#### Collected data
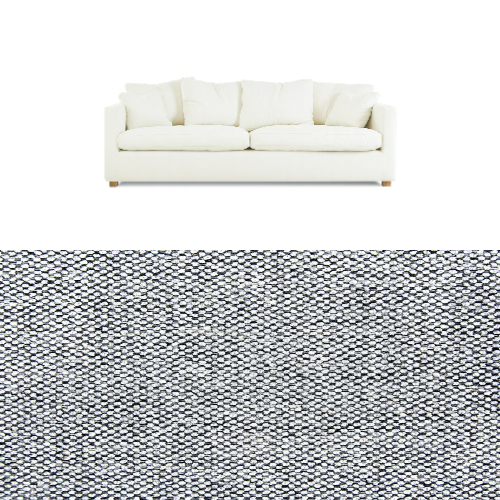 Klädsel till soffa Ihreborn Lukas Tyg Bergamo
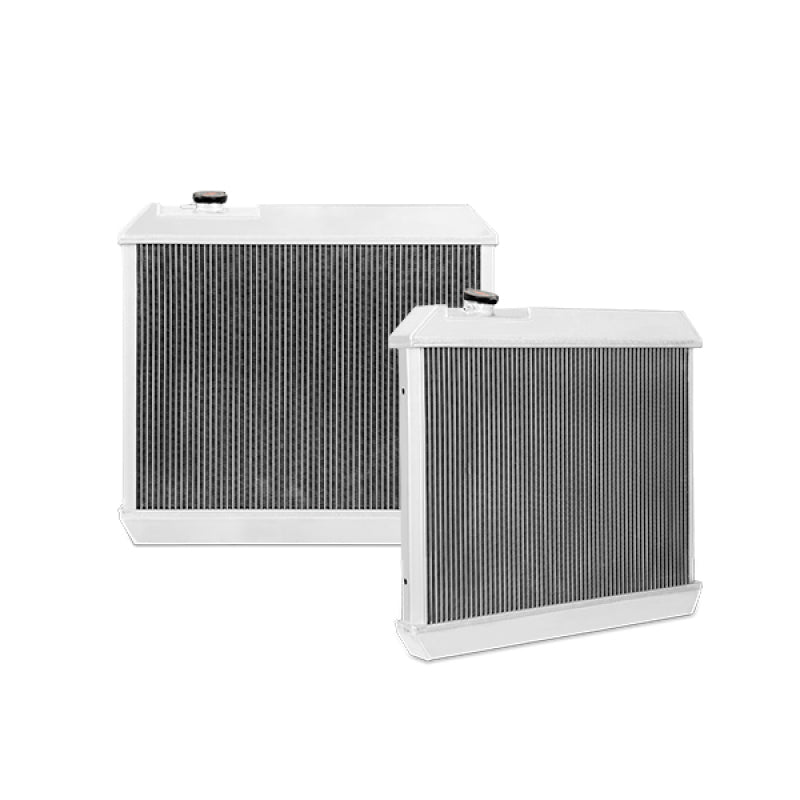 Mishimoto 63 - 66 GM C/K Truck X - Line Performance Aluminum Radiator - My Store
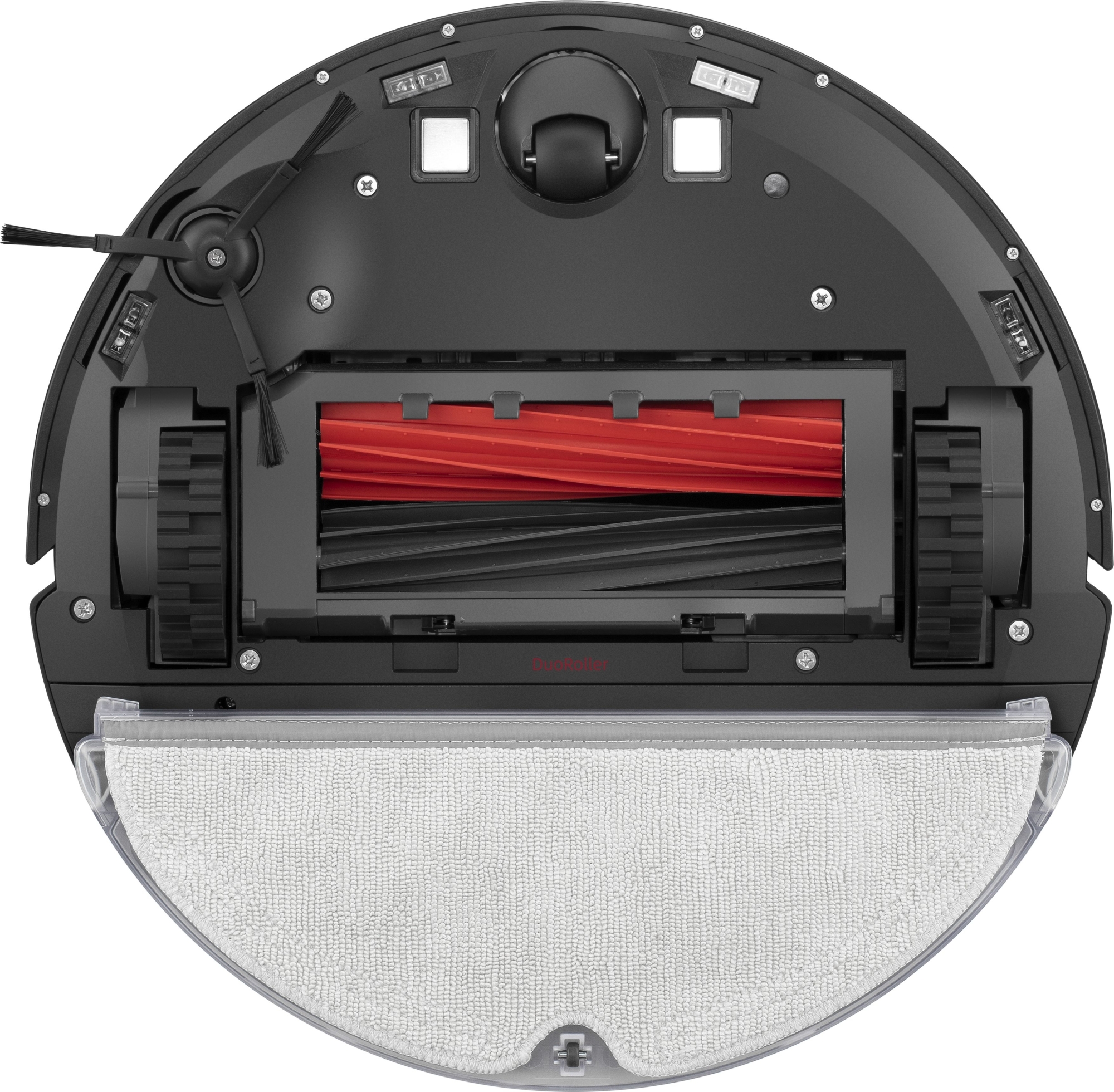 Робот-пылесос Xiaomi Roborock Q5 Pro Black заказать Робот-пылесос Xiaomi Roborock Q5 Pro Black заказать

#### About this task
Give the data again exactly as written, with no pictures included.

#### Worked solution
 Klädsel till soffa Ihreborn Lukas Tyg Bergamo
 Mishimoto 63 - 66 GM C/K Truck X - Line Performance Aluminum Radiator - My Store
 Робот-пылесос Xiaomi Roborock Q5 Pro Black заказать Робот-пылесос Xiaomi Roborock Q5 Pro Black заказать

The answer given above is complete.